OK. You're seeing a kernel oops, not a segfault. The oops message lists all the modules loaded into the system, but it doesn't imply that one of those modules is at fault. So, the crash you are seeing is probably totally unrelated to skge.

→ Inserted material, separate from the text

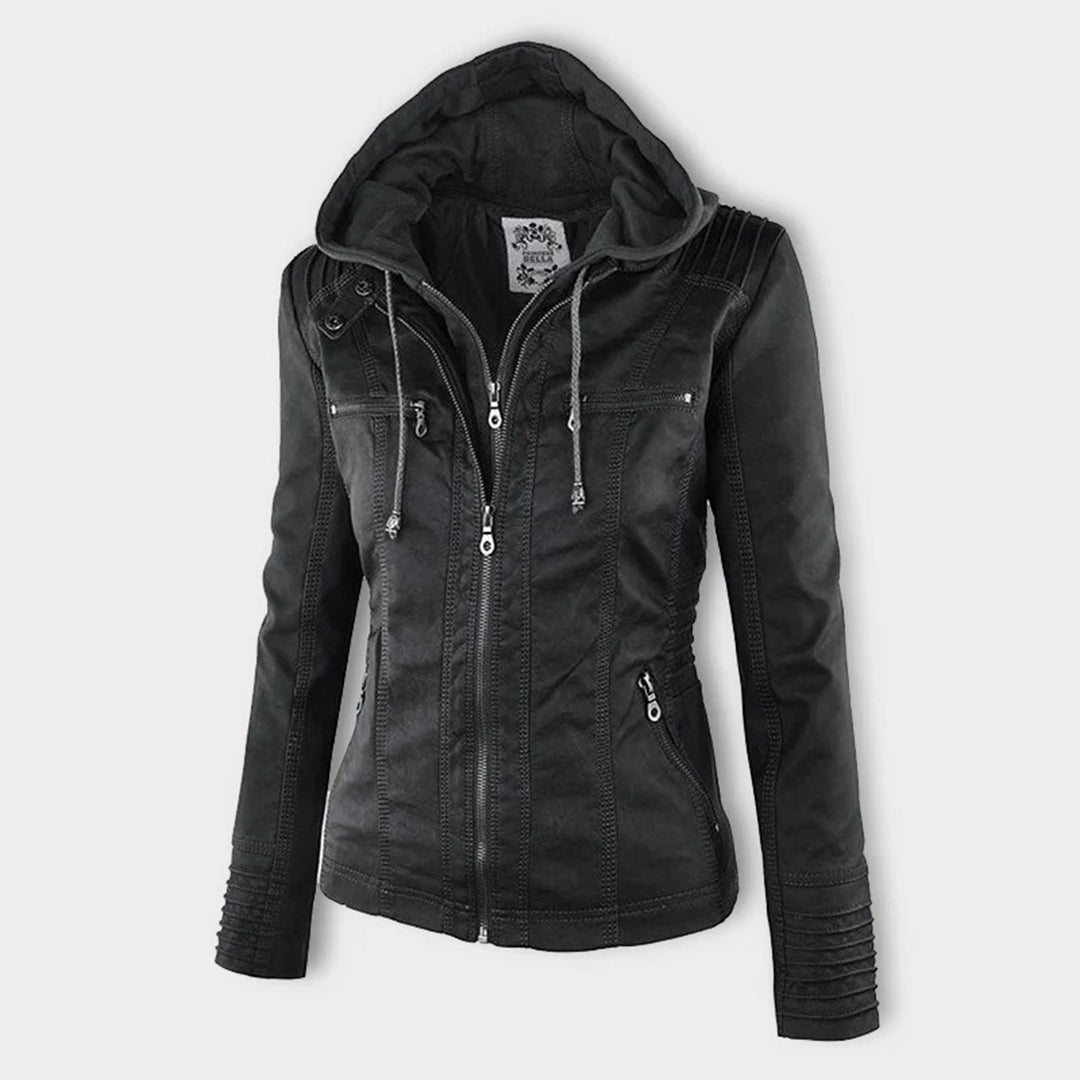 CAMILA - STYLISH LEATHER JACKET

To diganose this further, I need you to either capture the crash message using a serial console, or to use a digital camera to take a photo of the oops message.
eth0: hw csum failure. [<c0103b7a>] dump_trace+0x19a/0x1c0 [<c0103bb8>] show_trace_log_lvl+0x18/0x30 [<c01042cf>] show_trace+0xf/0x20 [<c0104325>] dump_stack+0x15/0x20 [<c0267dd9>] __skb_checksum_complete+0x59/0x60 [<c029a217>] tcp_v4_rcv+0x467/0x7d0 [<c027f542>] ip_local_deliver+0xd2/0x220 [<c027f21c>] ip_rcv+0x27c/0x4d0 [<c026ac93>] netif_receive_skb+0x163/0x1f0 [<f890998b>] skge_poll+0x3ab/0x570 [skge] [<c026c56c>] net_rx_action+0x5c/0xf0 [<c011a1d2>] __do_softirq+0x42/0x90 [<c011a247>] do_softirq+0x27/0x30 [<c01053da>] do_IRQ+0x6a/0xd0 [<c0103596>] common_interrupt+0x1a/0x20 [<c01019a1>] default_idle+0x31/0x60 [<c0101a0d>] cpu_idle+0x3d/0x60 [<c03b4705>] start_kernel+0x275/0x300 ======================= skge 0000:01:04.0: PCI error cmd=0x7 status=0x22b0 skge unable to clear error (so ignoring them) NETDEV WATCHDOG: eth0: transmit timed out NETDEV WATCHDOG: eth0: transmit timed out NETDEV WATCHDOG: eth0: transmit timed out NETDEV WATCHDOG: eth0: transmit timed out BUG: unable to handle kernel paging request at virtual address 0a0801f5 printing eip: c017c281 *pde = 00000000 Oops: 0000 [#1] Modules linked in: skge CPU: 0 EIP: 0060:[<c017c281>] Not tainted VLI EFLAGS: 00010202 (2.6.19-gentoo-r5 #6) EIP is at dnotify_parent+0x11/0x50 eax: f5cafd50 ebx: f5caff40 ecx: 0a080101 edx: 00000002 esi: 00000002 edi: f605c520 ebp: 00000058 esp: f7155f78 ds: 007b es: 007b ss: 0068 Process metalog (pid: 2399, ti=f7154000 task=c1bbb030 task.ti=f7154000) Stack: f5cafd50 c0150db6 f7155fa4 25b38fbf c0197520 c1ba8960 fffffff7 b7dfc000 f7154000 c01513b1 f7155fa4 000010fa 00000000 00000000 0000000b 00000058 c0102ba5 0000000b b7dfc000 00000058 00000058 b7dfc000 bfc2dad8 00000004 Call Trace: [<c0150db6>] vfs_write+0xd6/0x160 [<c01513b1>] sys_write+0x41/0x70 [<c0102ba5>] sysenter_past_esp+0x56/0x79 [<b7f45410>] 0xb7f45410 ======================= Code: a0 66 37 c0 e8 51 0d fd ff eb a5 8b 04 24 83 c4 04 5b 5e 5f 5d e9 50 ff ff ff 8b 0d 9c 66 37 c0 53 85 c9 74 0e 8b 58 14 8b 4b 08 <85> 91 f4 00 00 00 75 07 5b c3 90 8d 74 26 00 8b 03 85 c0 74 11 EIP: [<c017c281>] dnotify_parent+0x11/0x50 SS:ESP 0068:f7155f78
Disabling CONFIG_DNOTIFY in your kernel config will probably work around this for now. I'll comment further when I have time to investigate. If you have time, it would be really useful if you could test the latest gentoo-sources (currently 2.6.20-r6) and the latest development kernel (currently 2.6.21-rc7)
Same behavior w/o dnotify & inoify on 2.6.19-r5, will try alternate kernels and report back.
2.6.20-r6 Same thing Note that the EIP is at lines are not consistent, most of the time they say skge, sometimes they say cache_alloc_refill. Anyway i think at this point it's somewhat clear that this is related to some type of hardware issue, witch is unknown to me. The box now segfaults (real segfault) on shutdown.sh. I find it very unlikely that i am somehow special and the kernel's just tank for me. I appreciate your commitment to gentoo, and I don't want to waste your valuable time.
Be sure to test the latest 2.6.21-rc kernel first. There is a fix included which addresses skge handling of TX timeouts.